福良GMが語るオリックス低迷の原因と受け継ぎたい「古き良き伝統」 (3ページ目)

  • 石田雄太●文 text by Ishida Yuta
  • photo by Koike Yoshihiro

―― 福良さんのなかで、もっともいいチームだったと思うのは、いつのどのチームですか。

「それはやっぱり優勝した1995年のオリックスやないですかね。あの年って1994年とメンバーはそんなに変わっていなかったんです。でも、同じ顔ぶれなのにチームとしての一体感がまったく違っていました。阪神・淡路大震災の影響もあったかもわかりません。ただ、言われなくてもできる選手が揃っていましたし、若かったイチローや田口も先輩にああだこうだ言われて、相当、野球を勉強したんやないですかね。『このケースはこれじゃ、ダメや』って、選手同士が言い合っていました。

 たとえばイチローは自分のストライクゾーンに来たら何でも打って出るし、田口もどんどん打っていくタイプやから、『そこは状況を考えよう』と。

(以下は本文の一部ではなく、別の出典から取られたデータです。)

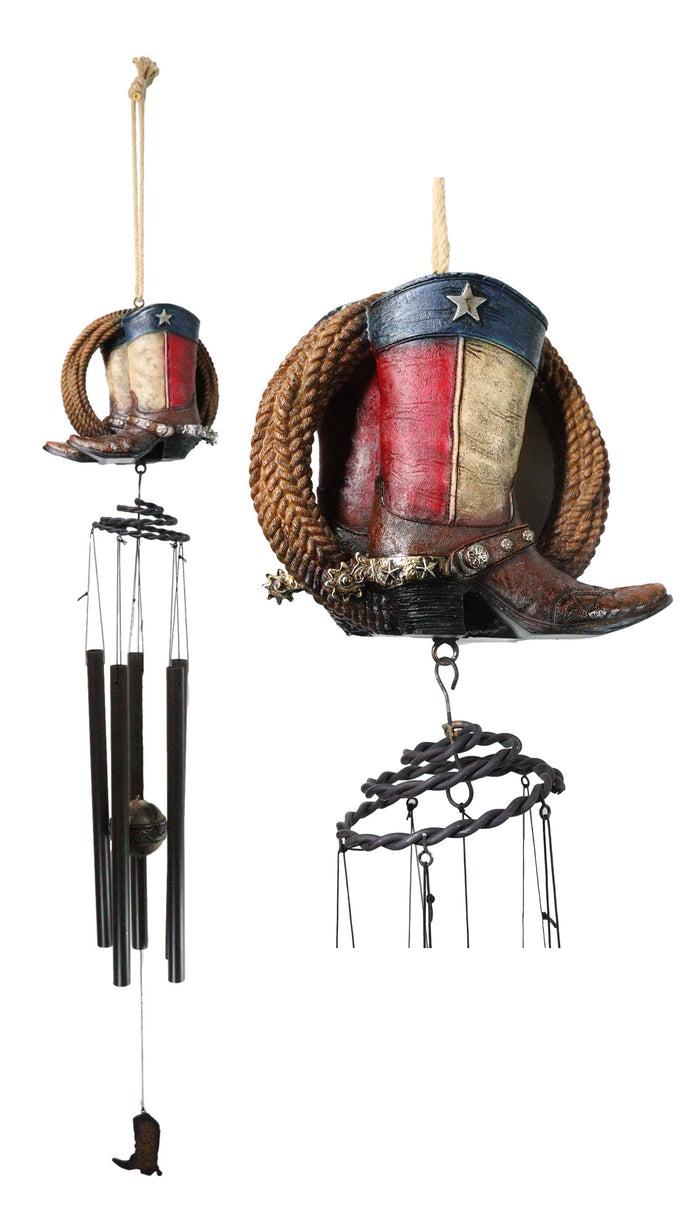 Western Country Rustic Texas Cowboy Boot With Lasso Ropes Hanging Wind Chime Western Country Rustic Texas Cowboy Boot With Lasso Ropes Hanging Wind Chime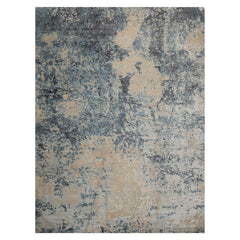 9x12 Gray, Blue, Beige Color Hand Knotted Sherpa Wool and Silk Modern Oriental Rug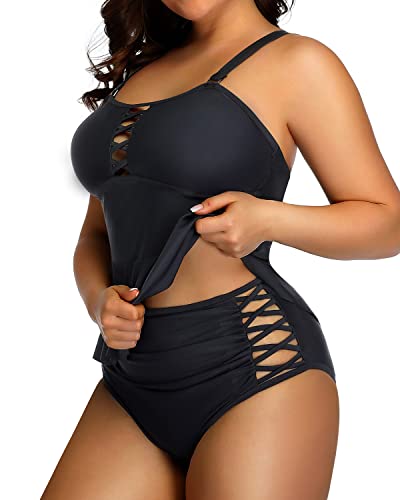 Tummy Control Two Piece Swimsuits Plus Size Swimsuits For Women-Black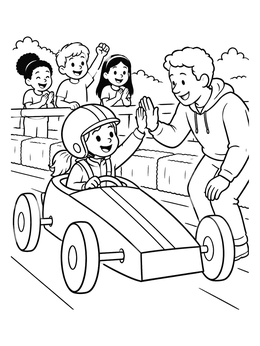 A young girl in a soapbox derby car coloring page gives a high five to a proud parent.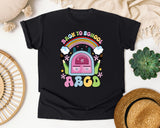 Back To School Rainbow Backpack in Black Comfort Colors 1717 tee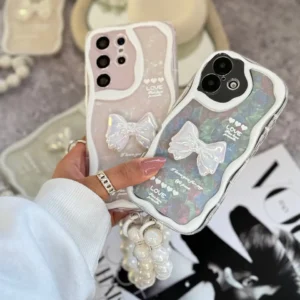 قاب Ribbon Love آیفون و اندرویدی با آویز (کدC1887)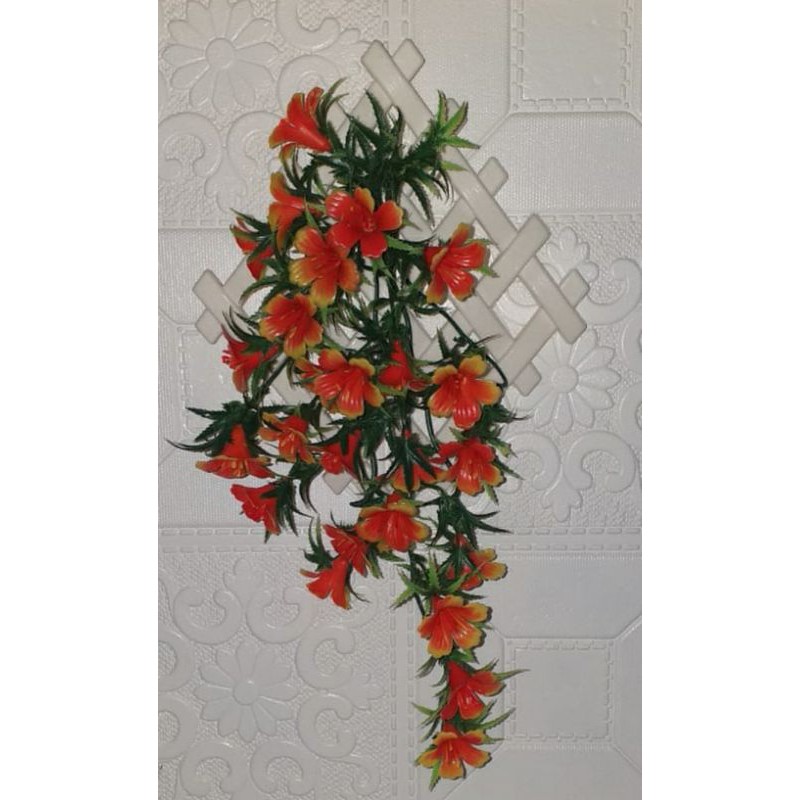bunga tempel plastik cantik hiasan dinding rangkaian bunga plastik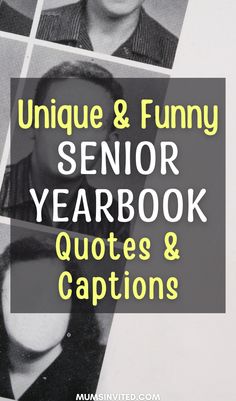 an advertisement for the senior yearbook and captions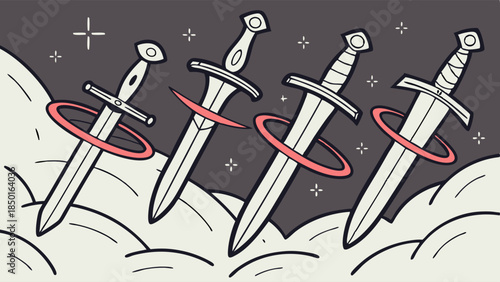 Four Swords Standing in Clouds with Red Energy Rings Under Starry Sky for Strategic Planning and Spiritual Insight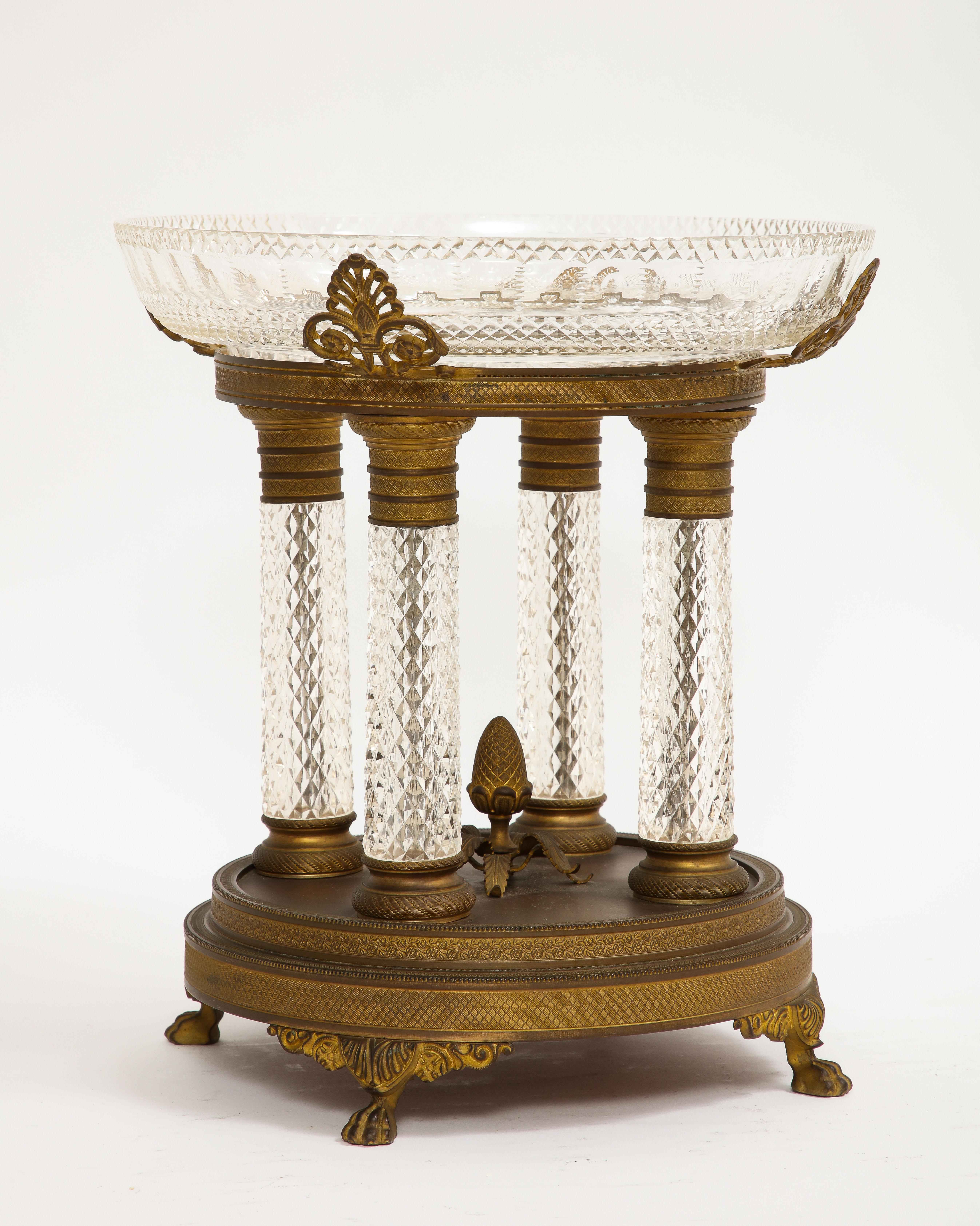 19th Century French Baccarat Ormolu Mounted Crystal Centerpiece For Sale 1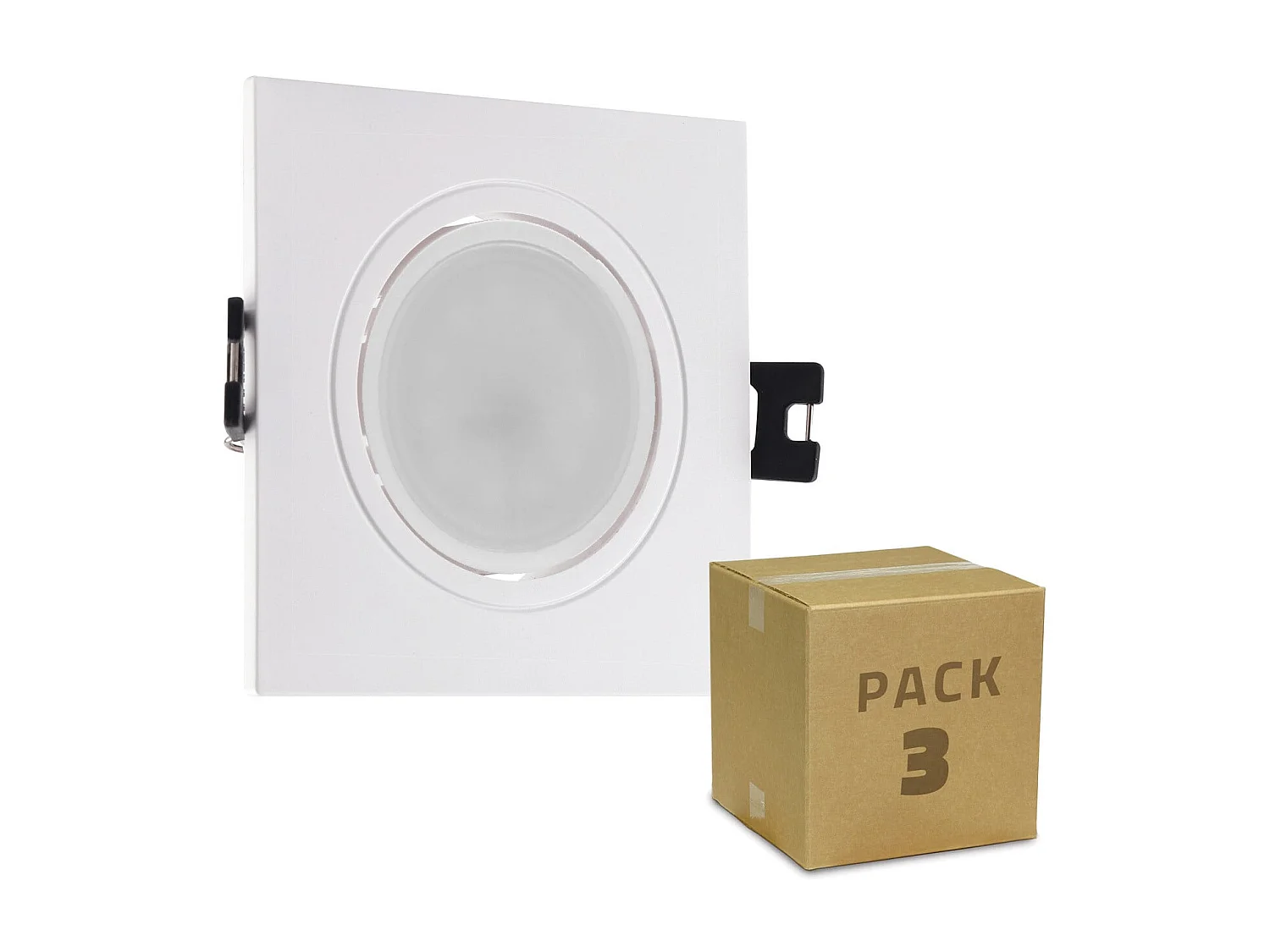 Pack de 3 Spots Downlight GU10 6W Coupe Ø 75-85mm No Flicker 3000K Blanc chaud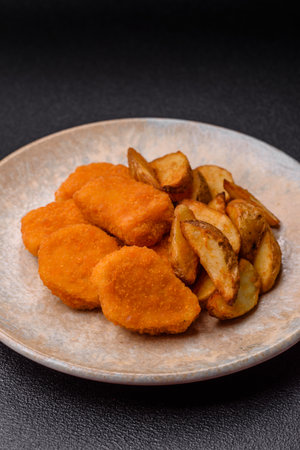 Crispy chicken nuggets, meat takeaway meal with salt and spices. Chicken nuggets, fast food, junk foodの写真素材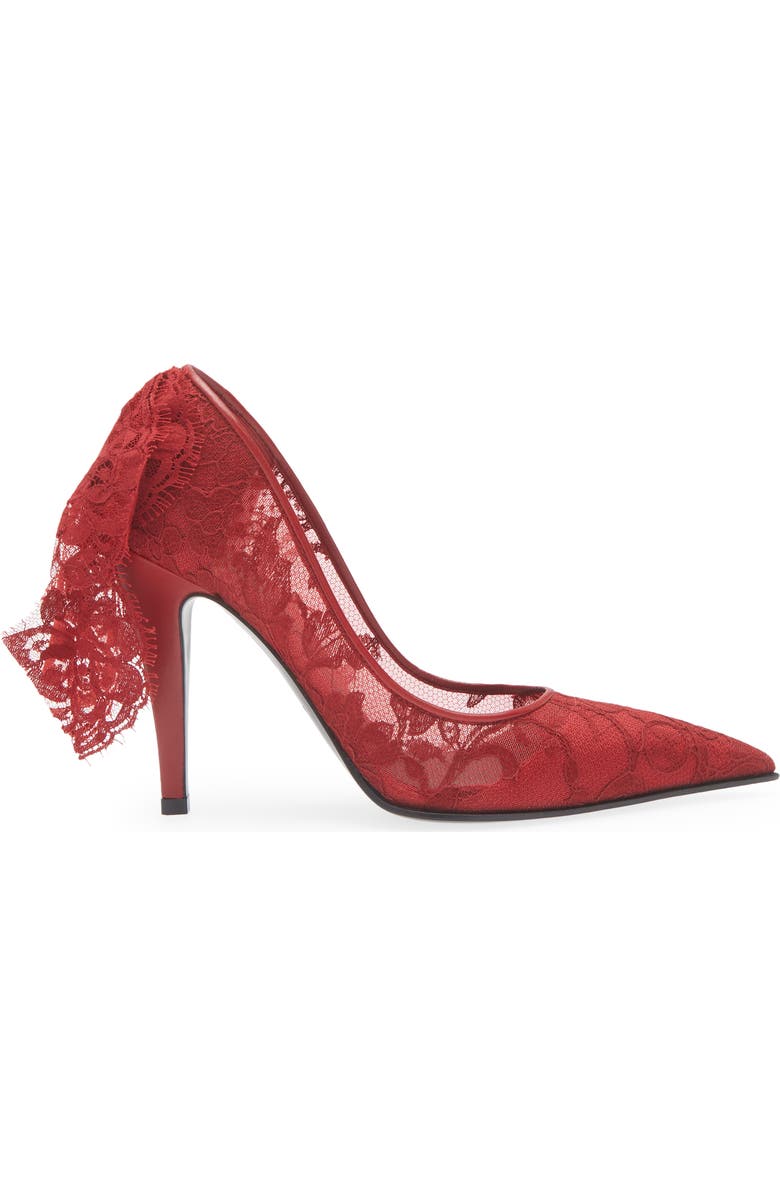 McQueen Drape Lace Pointed Toe Pump, Alternate, color, Crimson
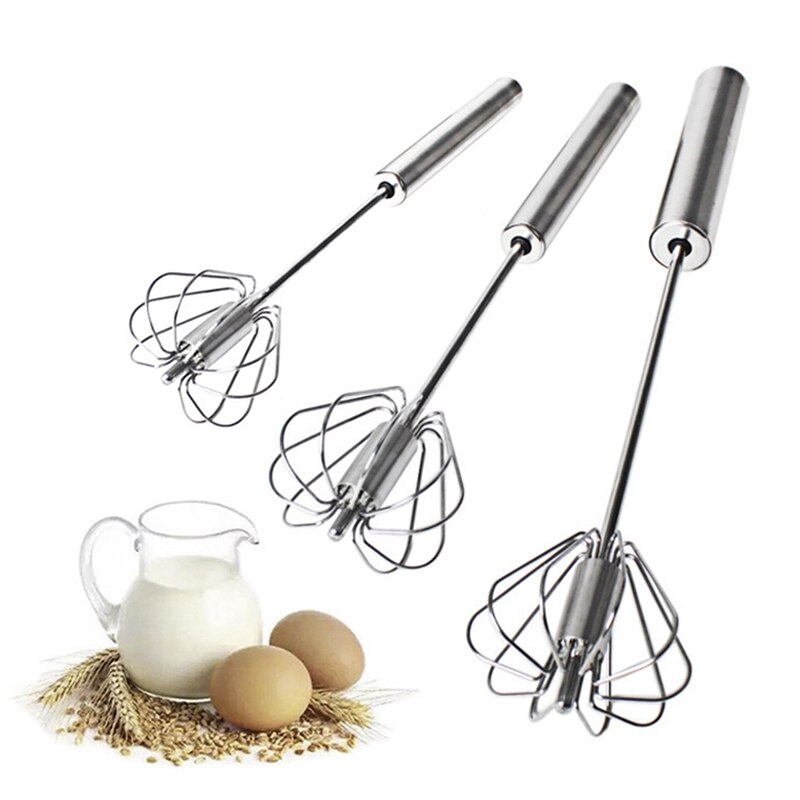 Semi-automatic Egg Beater 304 Stainless Steel Egg Whisk Manual Hand Mixer Self Turning Egg Stirrer Kitchen Accessories Egg Tools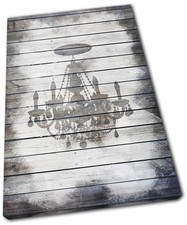 Chandelier Shabby Chic Vintage SINGLE CANVAS WALL ART Picture Print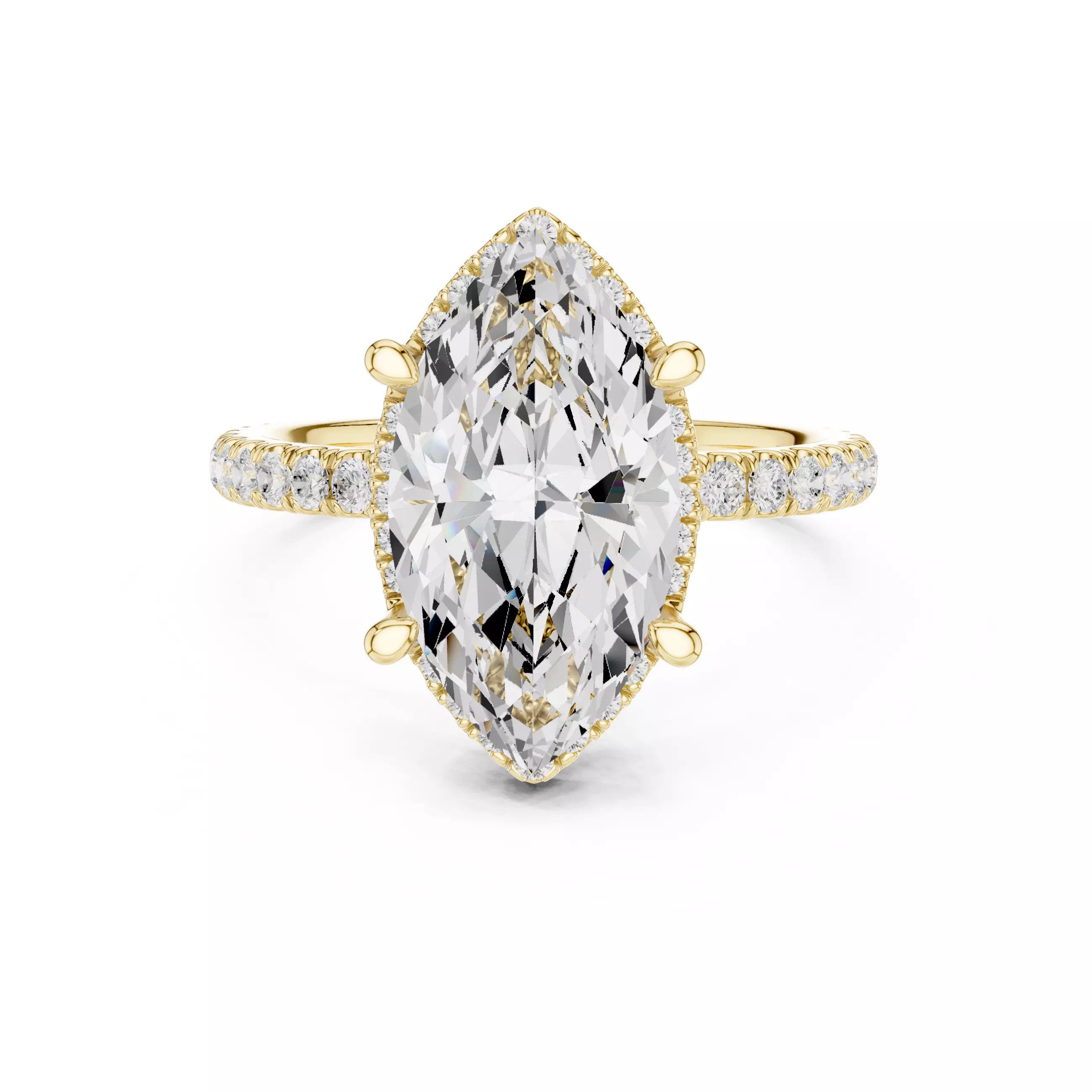 15x8mm Marquise Cut Diamond Engagement Ring 3DM STL Video 3D print model_1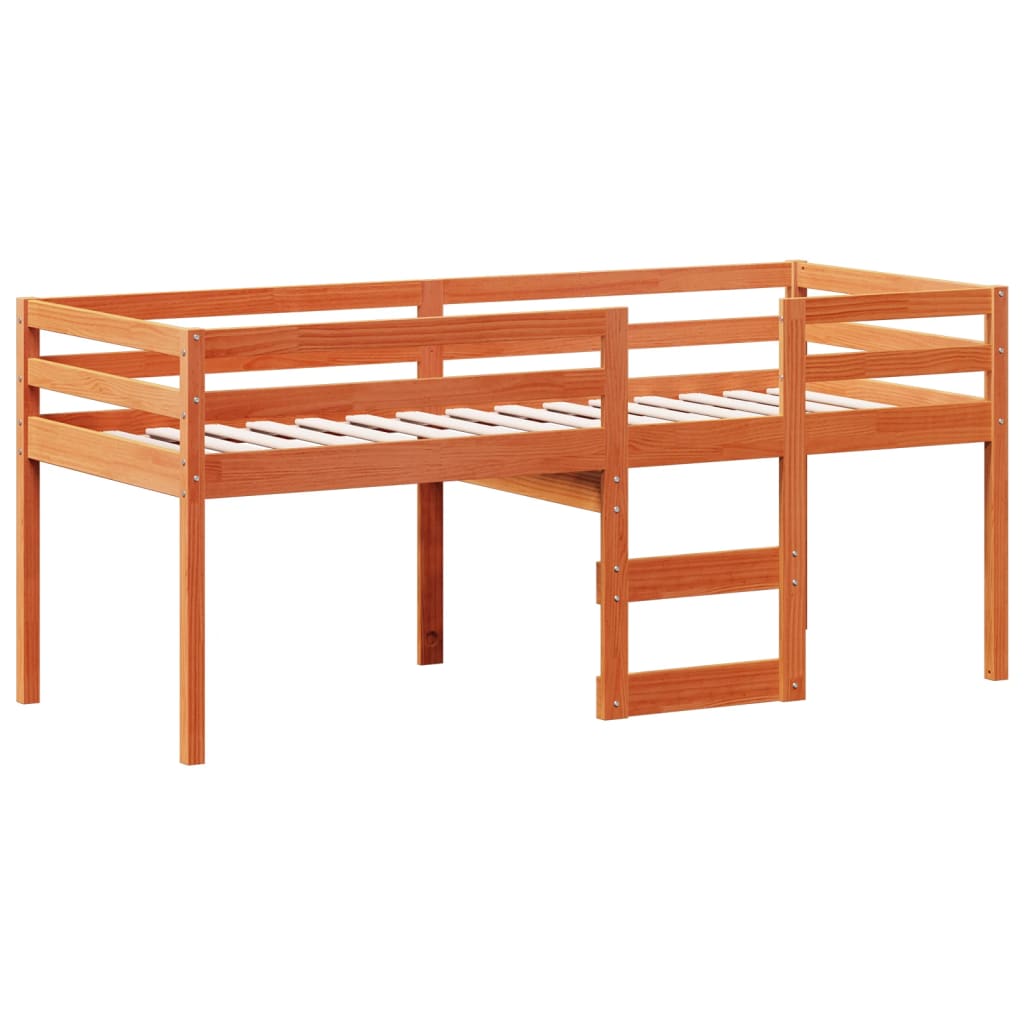 Letto A Soppalco Con Tetto Cera 90x190cm Legno Massello Di Pino - Image 5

1点差で負けている終盤、イチローと田口のふたりが2球でツーアウトって、『そんなんでどないするんや』と。もちろん積極性がふたりの持ち味なんやけど、『そこは持ち味だけで済ませたらアカン場面なんや』と、そんなふうに言ってやれる雰囲気があのチームにはありましたね」

―― そうやってイチロー選手や田口選手を叱咤し、教え導いてきた"福良選手"の役割を、では誰に託せばいいのでしょう。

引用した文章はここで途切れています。